The Sound of Buster Keaton

If you’re looking for a movie this weekend, why not try something a little older? Like, really old. Like, a silent film. Because the fun thing about silent films is that they needn’t be silent, and the choice of how they should come to audible life is entirely up to you.

Many silent films on DVD come with a few options for the soundtrack, usually something closer to the organ music you might have heard in the 20s but then sometimes something a bit more unusual. But why limit yourself to the DVD menu? If you can bring down the volume on your TV then you can bring up the volume on something else. Here are some ideas for killing two birds with one stone: watching a great movie, listening to some great music.

Buster Keaton’s 1924 comedy Sherlock, Jr. is a movie about movies. In it, Buster, a young projectionist, falls asleep on the job and dreams he can literally step into the films he screens. The movie, while hilarious, is also downright experimental. Try pairing this with something equally searching, say a Thelonious Monk album. You’ll notice that there are moments when the music and the picture synthesize into something whole, new, and unexpected, as if those moments had always been planned. At other times the music and the picture will drift apart, allowing your attention to follow one or the other.


College (1927) gives Keaton the perfect vehicle for his athleticism: he plays a young man attempting to become an athlete. Given all the scenes of long-jumping and pole-vaulting, some more muscular music might fit, like a selection of rockabilly tunes. They would capture the movie’s teenage longing and soda-fountain awkwardness, and also perfectly underscore that great scene at the end when the young man flings himself about the room, unleashing the full force of his hidden athleticism when rescuing his one true love.
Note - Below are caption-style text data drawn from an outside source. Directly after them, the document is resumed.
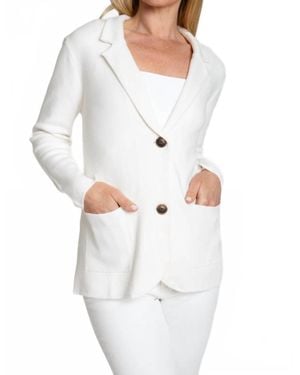 BURGESS SWEATERS Milly Knit Blazer - White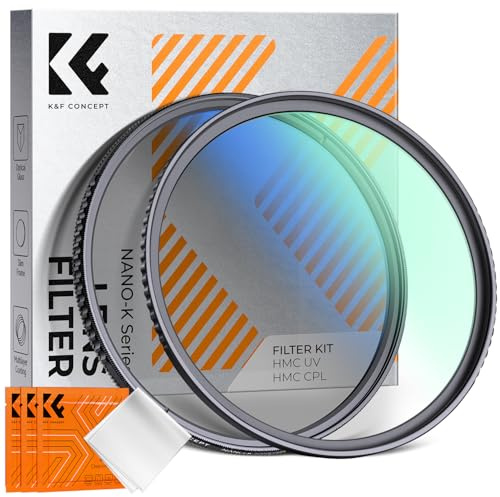 K&F CONCEPT Filterset 72mm Polfilter（ CPL）+ UV Filter | Zirkularer Polarisationsfilter & Schutzfilter,Optikglas mit 18-lagiger Nano-Beschichtung,HD Bild,Nano-Klear,FS301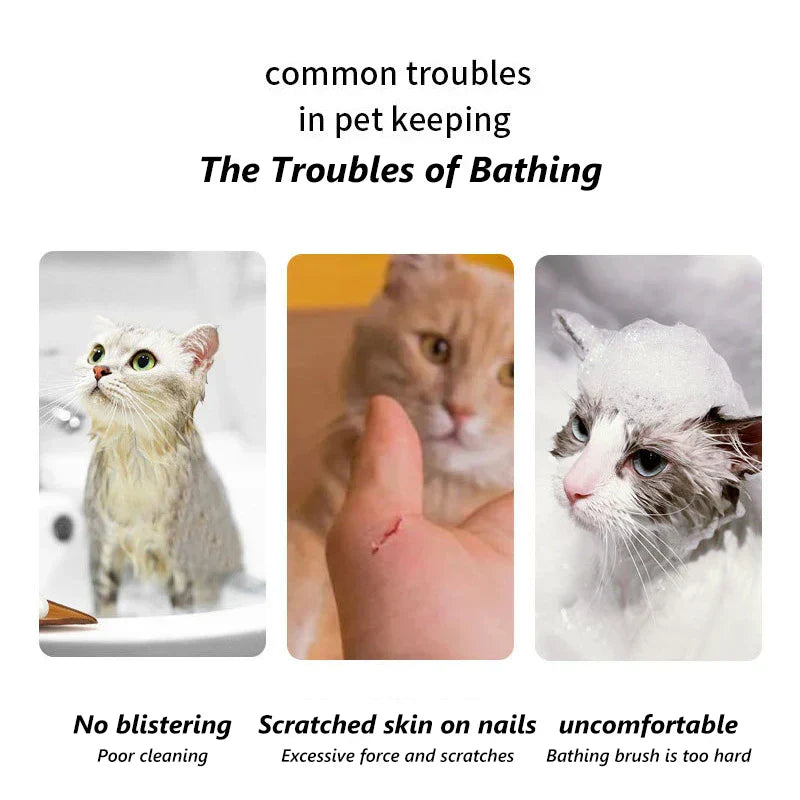 Shampoo Dispenser - Infographic of pet bathing troubles: three cat photos labeled no blistering, scratched hand, uncomfortable cat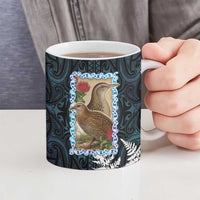 New Zealand Weka Ceramic Mug Maori Hen Koru Pattern - Polynesian Pride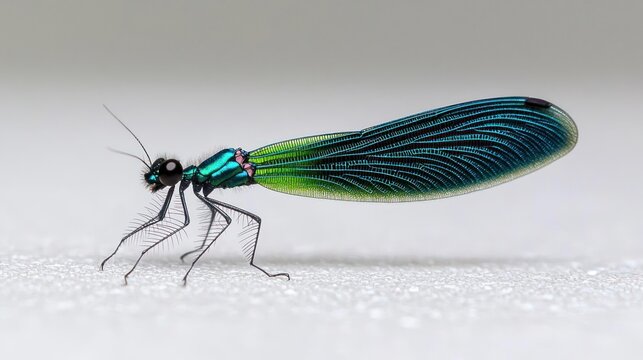 Iridescent Blue And Green Damselfly On White Surface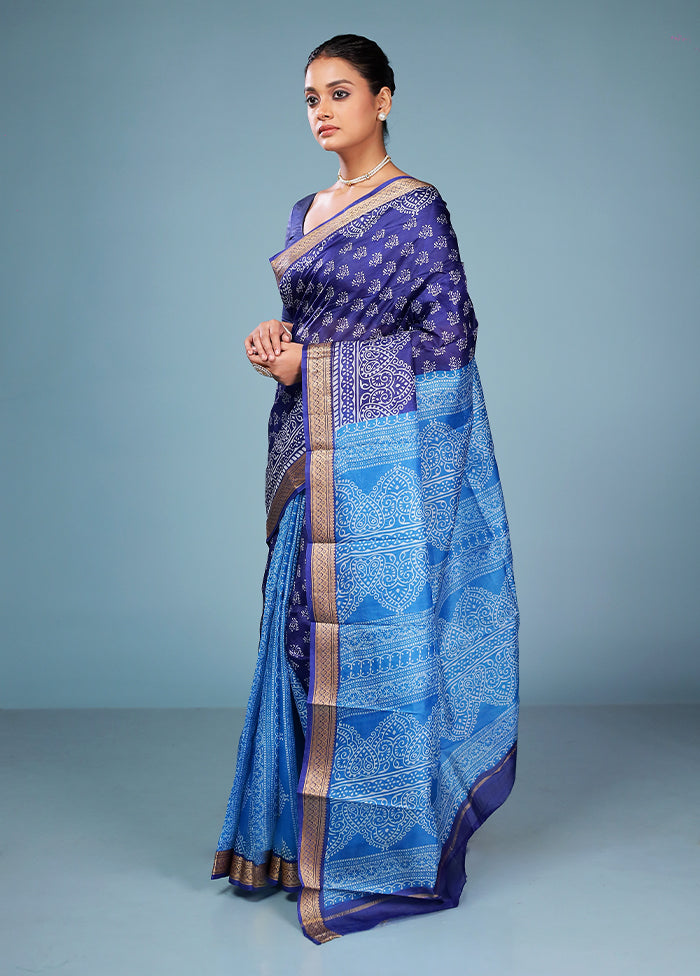 Blue Printed Pure Silk Saree Without Blouse Piece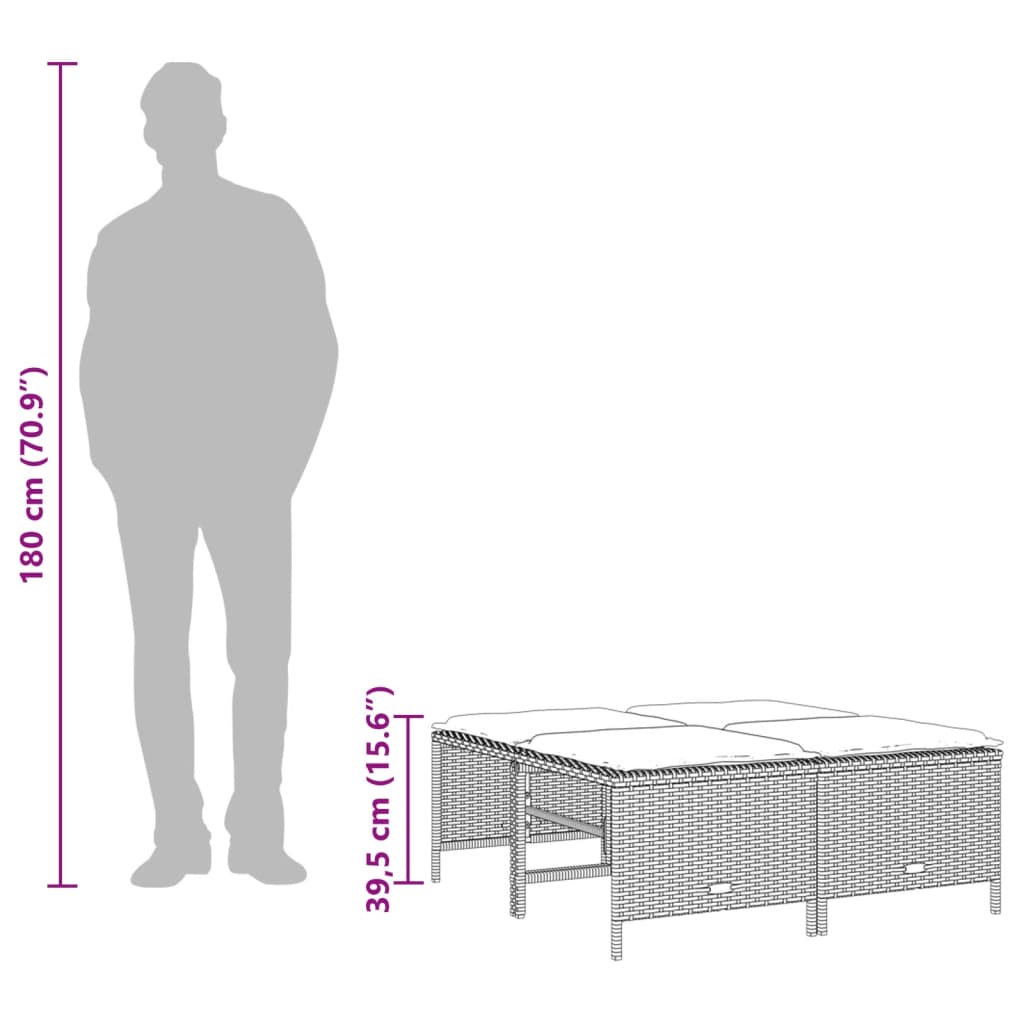 Tuinkrukken Met Kussens 4 St Poly Rattan
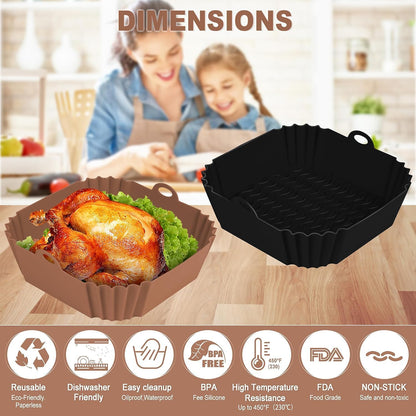 Boribim 2 PCS Square Silicone Air Fryer Liners - 8 Inch Reusable Air Fryer Pot - Air Fryer Accessories - Air Fryer Inserts for 4 to 7 QT Oven Microwave Accessories (Red + Blue)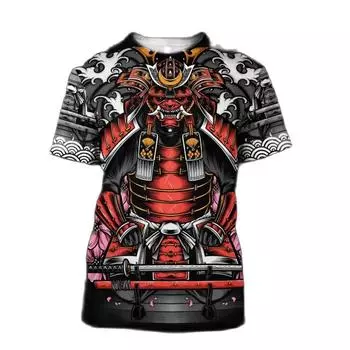 Трендовые новые мужские футболки в японском стиле, модные повседневные крутые топы с принтом воина, с круглым вырезом и коротким рукавом S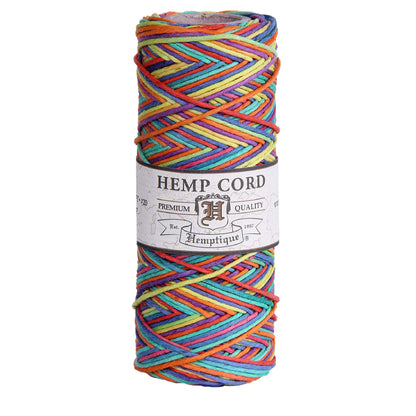 Hemptique 100% Hemp Cord Spool - 62.5 Meter Hemp String - Made with Love - No. 20 ~ 1mm Cord Thread for Jewelry Making, Macrame, Scrapbooking, DIY, & More - Variegated Rainbow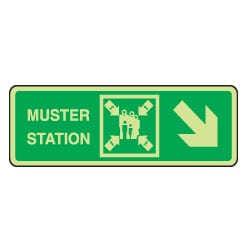 Muster Station Arrow Down Right Sign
This last idea is a bit of a cheat, but if you’re up for it, try watching Keaton’s Steamboat Bill, Jr. (1928) silently, that is, without any pre-planned soundtrack at all. It will definitely be awkward at first, just staring at the screen, but everything in this movie is so perfectly timed you will start to pick up on the rhythm of the film itself. The film, without music, will offer the effect of listening to music. Also, you’ll start to notice all the sounds that are already around you. Steamboat Bill, Jr. is a film largely about the rain and wind. Watch it on a stormy night and the elements outside your window will collaborate with Buster Keaton.